No one, that is, except old Cornelius, the Grudge Keeper.
The plot in a nutshell: A town deals with their grudges.
Cornelius is in charge of holding on to all the town’s complaints, which are written on paper scrolls that he stores throughout his cottage. As each person gets angry with someone else, they write out their issues and take it to him for filing and eventually, they fill his entire house. One day, a strong wind blows through the town, making messes and causing all sorts of problems. The next day, everyone is full of new angers and they march up to the Grudge Keeper’s cottage to report them, but they find the cottage in shambles, with all the grudges thrown together in piles. At first they dive into the pile, looking to claim their old grudges back, but then a boy notices Cornelius at the bottom of the pile, dazed from the storm. As the townspeople look through their old grudges, they realize how pointless they all are and they toss them away. Cornelius looks around and sees that the grudges are all gone. The town celebrates a wedding and even when a few things go wrong here and there, everyone just lets it go. Cornelius refills his home with friendliness, smiles and hugs, since he no longer has to save room for grudges.
Author Mara Rockliff said in an interview that she got the idea for this story after hearing the phrase ‘keeping a grudge’ and imagining a grudge keeper to be something like a zookeeper or a beekeeper. It’s a wonderful parable about forgiveness that has the feel of a classic folktale, but with layers of modern sensibility that make it seem almost more relevant in today’s age of people getting all bent out of shape over the smallest thing.

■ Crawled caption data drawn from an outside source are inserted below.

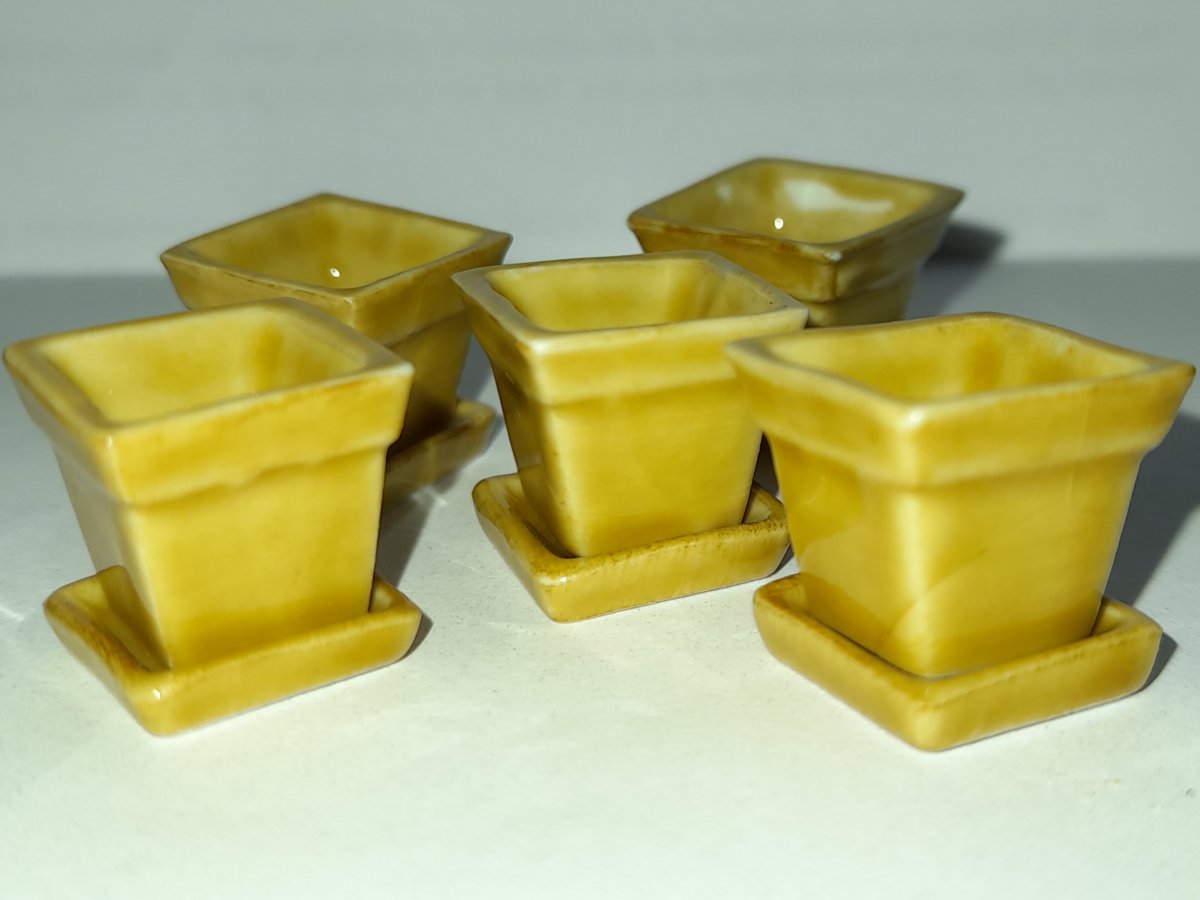 Fem gula blomkrukor på fat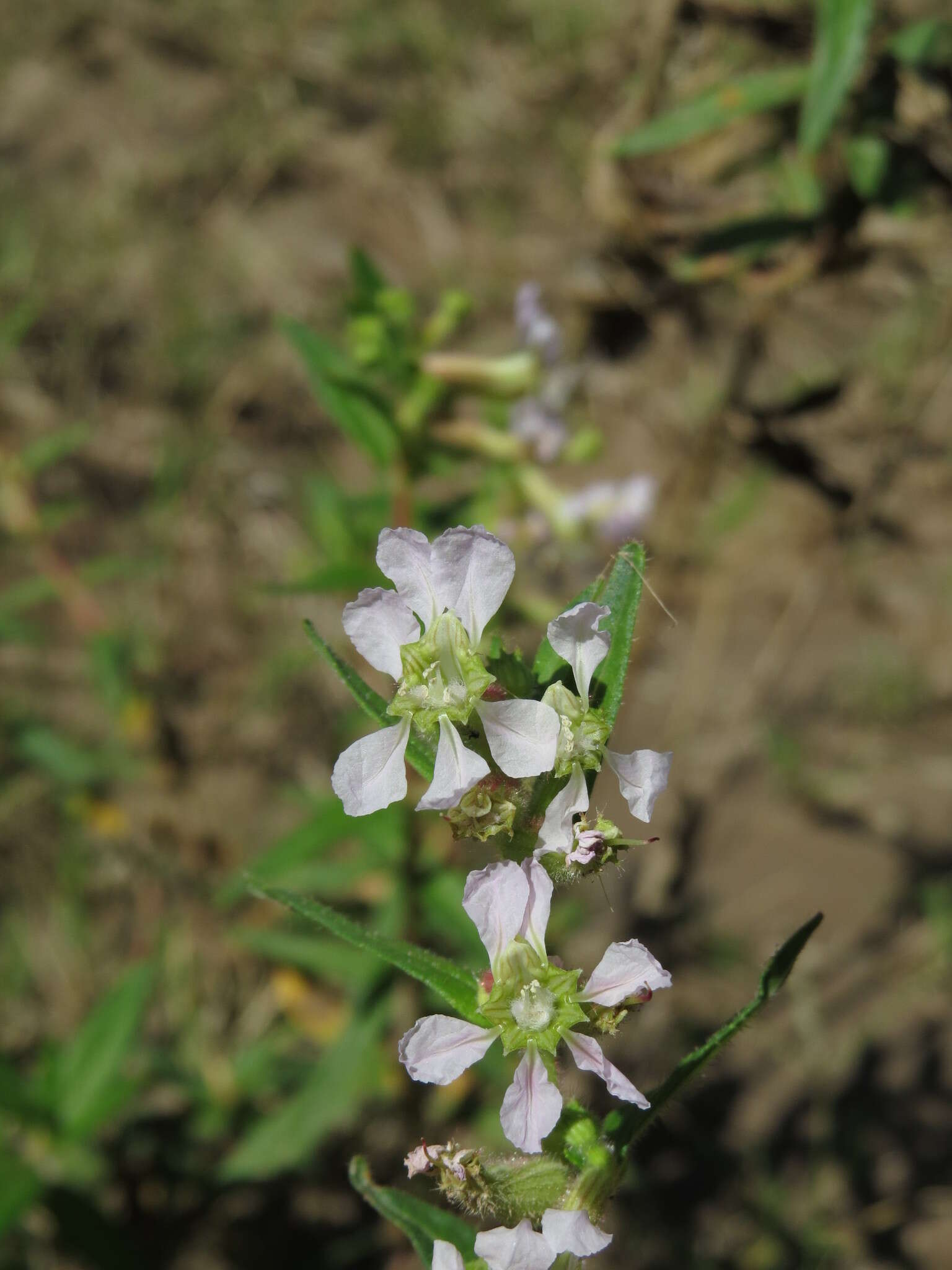 Image of Cuphea angustifolia Jacq. ex Koehne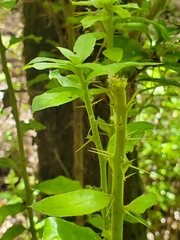 Archidasyphyllum diacanthoides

Ms. Rockliff exhausts every possible synonym for ‘grudge’ in this book, which will likely serve to teach your little one (or you, even) some new words to add to your vocabulary. (I like to imagine a room full of kindergarteners telling their teacher that they are in high dudgeon with each other.)
Contributing heavily to the story’s classic feel is the gorgeous artwork from illustrator Eliza Wheeler, done in dip pens, India ink and watercolor. The characters look like they stepped out of a Charles Dickens adaptation and the whole village has a yellowish tint that gives it the impression of age. My favorite element of the story is in the illustrations, when you see the physical difference it makes in the villagers to let go of their resentment. Their faces go from sour scowls to carefree smiles that are so much more pleasant to see. It’s a good lesson and the book conveys it entertainingly and well.
And what did we learn? What I take away from this book is that grudges serve no real purpose and only take up room where more positive things could go.